In an emotional interview with DirtFish’s Colin Clark, fresh from winning his eighth title on Sunday, Ogier was discussing the impact his family now has on him.
Ogier admitted that although he feels his choice to partially retire is the “right one for me”, he occasionally has doubts about his decision to not fully retire from the WRC – a decision his wife, German television presenter Andrea Kaiser, is known to believe Ogier should’ve made – as he feels he needs a break.
“I want to enjoy time with him [my son] more than anything right now, with my wife as well,” said Ogier.
“There is time for everything in life and I’m not that old either, so that means I already sometimes regret that I didn’t stop completely right now because I need to prepare already for Monte very soon and that doesn’t make me very happy to be honest.
“But I think there is no perfect way to end a career anyway. We are all struggling to find a way to do it, and my way to do it I feel is the right one for me right now because I want to have more time for myself and my family but somehow I still keep my feet in the sport and it’s matching the actual rules, as it’s nice for a team to have a third car shared by drivers so somehow everyone is happy.
“But I think somehow I need a break. Maybe it’s the fact that I’m always a guy of extremes. When I do something, I do something 100%, or I don’t do it. But the thing is maybe after these 15 years putting so much energy into it, I maybe emptied my tank of motivation, even excitement, a little bit.

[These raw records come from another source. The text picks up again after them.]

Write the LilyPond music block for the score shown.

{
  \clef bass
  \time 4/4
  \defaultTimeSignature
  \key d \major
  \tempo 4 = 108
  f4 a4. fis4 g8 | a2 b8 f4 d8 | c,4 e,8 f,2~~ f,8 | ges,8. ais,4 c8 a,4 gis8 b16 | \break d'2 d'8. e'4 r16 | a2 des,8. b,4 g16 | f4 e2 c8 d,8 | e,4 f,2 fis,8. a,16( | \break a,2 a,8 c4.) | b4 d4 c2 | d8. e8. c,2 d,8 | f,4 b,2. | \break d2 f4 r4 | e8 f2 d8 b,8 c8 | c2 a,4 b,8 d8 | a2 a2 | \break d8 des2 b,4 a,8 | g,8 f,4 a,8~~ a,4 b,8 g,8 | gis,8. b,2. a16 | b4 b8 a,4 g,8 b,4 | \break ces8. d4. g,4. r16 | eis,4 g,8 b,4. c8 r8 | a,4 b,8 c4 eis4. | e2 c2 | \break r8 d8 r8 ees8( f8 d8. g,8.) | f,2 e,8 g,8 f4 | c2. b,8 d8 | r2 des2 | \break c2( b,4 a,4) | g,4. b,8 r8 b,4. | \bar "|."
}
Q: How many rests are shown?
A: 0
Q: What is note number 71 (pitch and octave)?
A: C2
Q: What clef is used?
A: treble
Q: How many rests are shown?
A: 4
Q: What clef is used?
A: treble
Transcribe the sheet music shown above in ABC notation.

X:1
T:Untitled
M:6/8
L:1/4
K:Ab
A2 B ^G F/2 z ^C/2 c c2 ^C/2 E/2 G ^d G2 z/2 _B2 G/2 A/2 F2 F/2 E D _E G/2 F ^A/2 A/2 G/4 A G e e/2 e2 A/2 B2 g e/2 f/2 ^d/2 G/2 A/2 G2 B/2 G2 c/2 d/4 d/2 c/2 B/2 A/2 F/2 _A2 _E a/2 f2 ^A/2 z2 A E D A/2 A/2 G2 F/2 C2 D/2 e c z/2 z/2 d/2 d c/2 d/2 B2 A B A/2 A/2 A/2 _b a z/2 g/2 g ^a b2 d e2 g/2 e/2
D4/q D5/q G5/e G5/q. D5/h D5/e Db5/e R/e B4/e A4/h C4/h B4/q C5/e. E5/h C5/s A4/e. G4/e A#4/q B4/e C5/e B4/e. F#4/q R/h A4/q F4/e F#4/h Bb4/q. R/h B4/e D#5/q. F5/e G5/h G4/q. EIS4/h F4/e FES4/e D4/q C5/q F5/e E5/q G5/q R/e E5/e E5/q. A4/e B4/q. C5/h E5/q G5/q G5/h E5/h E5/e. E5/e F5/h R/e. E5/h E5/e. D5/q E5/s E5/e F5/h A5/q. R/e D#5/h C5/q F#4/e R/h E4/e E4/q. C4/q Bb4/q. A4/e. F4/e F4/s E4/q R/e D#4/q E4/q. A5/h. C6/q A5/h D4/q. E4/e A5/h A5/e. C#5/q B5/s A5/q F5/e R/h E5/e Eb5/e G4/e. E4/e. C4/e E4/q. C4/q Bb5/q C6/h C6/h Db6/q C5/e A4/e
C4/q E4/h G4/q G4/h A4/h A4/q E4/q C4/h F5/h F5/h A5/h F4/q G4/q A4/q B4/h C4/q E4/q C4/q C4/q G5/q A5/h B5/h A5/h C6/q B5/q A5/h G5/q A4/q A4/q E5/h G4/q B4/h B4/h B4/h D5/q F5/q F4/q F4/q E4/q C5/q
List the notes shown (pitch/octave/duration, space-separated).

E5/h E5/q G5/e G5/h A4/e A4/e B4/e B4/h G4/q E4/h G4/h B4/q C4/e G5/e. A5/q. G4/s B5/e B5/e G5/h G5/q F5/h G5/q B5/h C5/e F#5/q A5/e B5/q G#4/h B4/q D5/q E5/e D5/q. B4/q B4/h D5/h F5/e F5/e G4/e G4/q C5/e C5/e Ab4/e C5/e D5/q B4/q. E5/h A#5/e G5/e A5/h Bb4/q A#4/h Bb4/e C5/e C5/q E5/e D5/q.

“Sometimes you lose a little bit of the excitement, and it cannot be like this as it was a dream of mine to do that [rally] and still I enjoy it so much.
“But when you reach this point and you realize that you are thinking too much about the negatives when you go to a race compared to all this joy that it brings you, that’s maybe the time that you need to reset a little bit, take a break at least.
“Maybe that comes to a complete end, maybe I miss it and I come back a little bit more, I don’t know. Because I’m still not that old maybe for rallying. But right now I need this break.”
Ogier will not realistically get much of a break until late January, as he will soon get his first test of Toyota’s new Rally1 car and then be testing and preparing for the Monte Carlo Rally, which begins in just under two months.